Rock’n’roll Marathon :
C’est avec un peu d’hésitation que nous nous sommes rendus à 19h à la Terrasse du Trabendo, pour la finale du Tremplin de Rock & Folk Radio, tant l’idée d’enchaîner autant de sets à la suite, avec des groupes que nous ne connaissions pas ou pas assez – mis à part les étonnants Cheap Teen – nous paraissait épuisante à l’avance. Mais voilà, c’est We Hate You Please Die qui a été rajouté au dernier moment au programme et qui va conclure la soirée : avec un album de la trempe de Can’t Wait to Be Fine à défendre, on ne pouvait s’attendre qu’au meilleur…

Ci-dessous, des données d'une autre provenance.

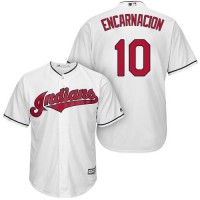 Cleveland Guardians #10 Edwin Encarnacion White Home Stitched Youth MLB Jersey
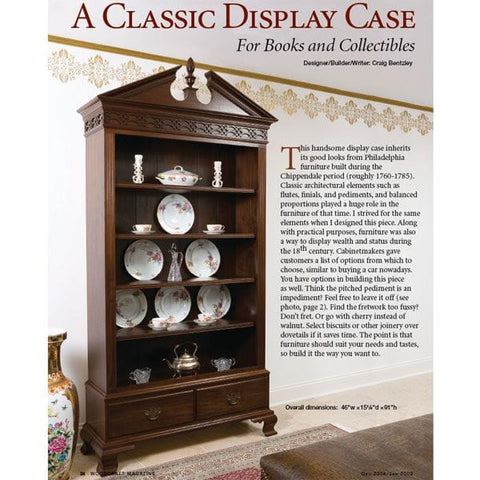 Colonial Bookcase – Downloadable Plan - Image 1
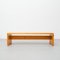 Large Wood Bench by Charlotte Perriand for Les Arcs, 1960s 9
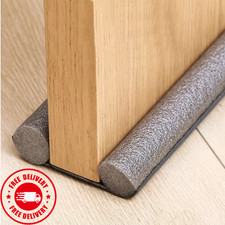 Door Draft Stopper Bottom Seal Strip Guard Wind Dust Blocker Noise Insulator UK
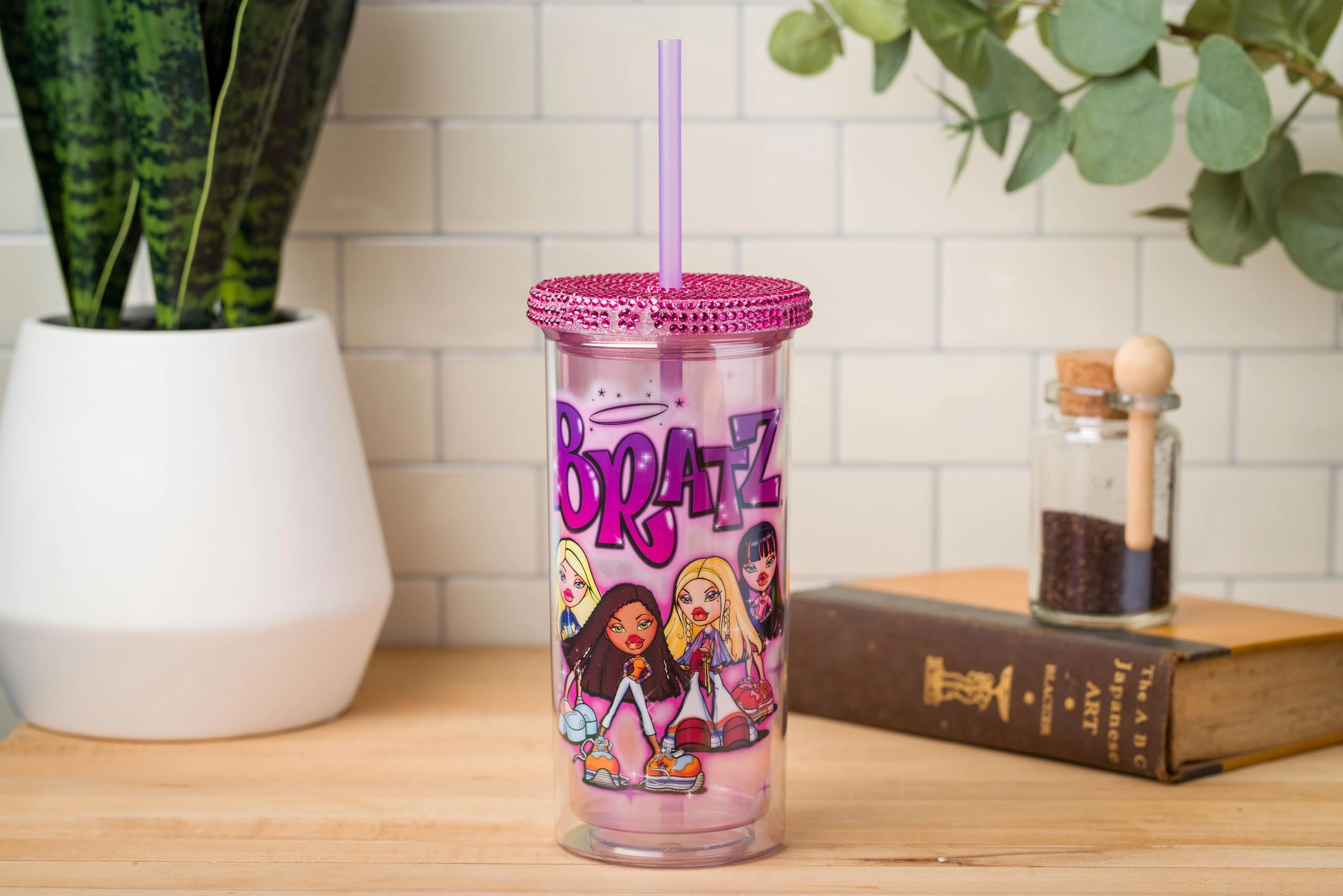 Bratz Reusable Cup - 1 pcs Rhinestone lid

Bon, on nous explique d’emblée les règles du jeu : chaque groupe a 30 minutes pour nous convaincre, ensuite on vote par SMS, etc. On se dit que, du coup, ce sera le groupe qui aura ramené le plus de monde avec lui qui gagnera, et pas forcément le plus talentueux. A la fin, on découvrira que les votes du public ne comptent qu’à 50% et que le reste des voix est donnée par un jury…
Code tremplin1 par SMS :
20h : Le Tremplin commence avec Orange Signal, un jeune groupe de Lyon. La famille et les amis sont bien là pour soutenir, et il règne une ambiance bon enfant bien sympathique. Sur scène, avec trois guitares, ces jeunes gens la jouent plutôt classic rock US, ce qui change finalement agréablement des influences habituelles de la scène Rock actuelle. Tout n’est pas encore très carré chez Orange Signal, et les meilleurs moments de leur set seront finalement les moins « électriques » : un Some Rest qui propose une alternance bien vue de moments calmes et d’accélérations, ou un New Beginning, chanté à quatre voix, avec l’aide d’une seule guitare acoustique… A noter que tout cela est bien chanté, ce qui confirme que le jeune Rock français a vaincu son problème endémique d’absence de vrais chanteurs (même s’il a fallu pour ça passer à l’anglais…). Avec un peu plus de maturité, tout cela pourrait devenir intéressant…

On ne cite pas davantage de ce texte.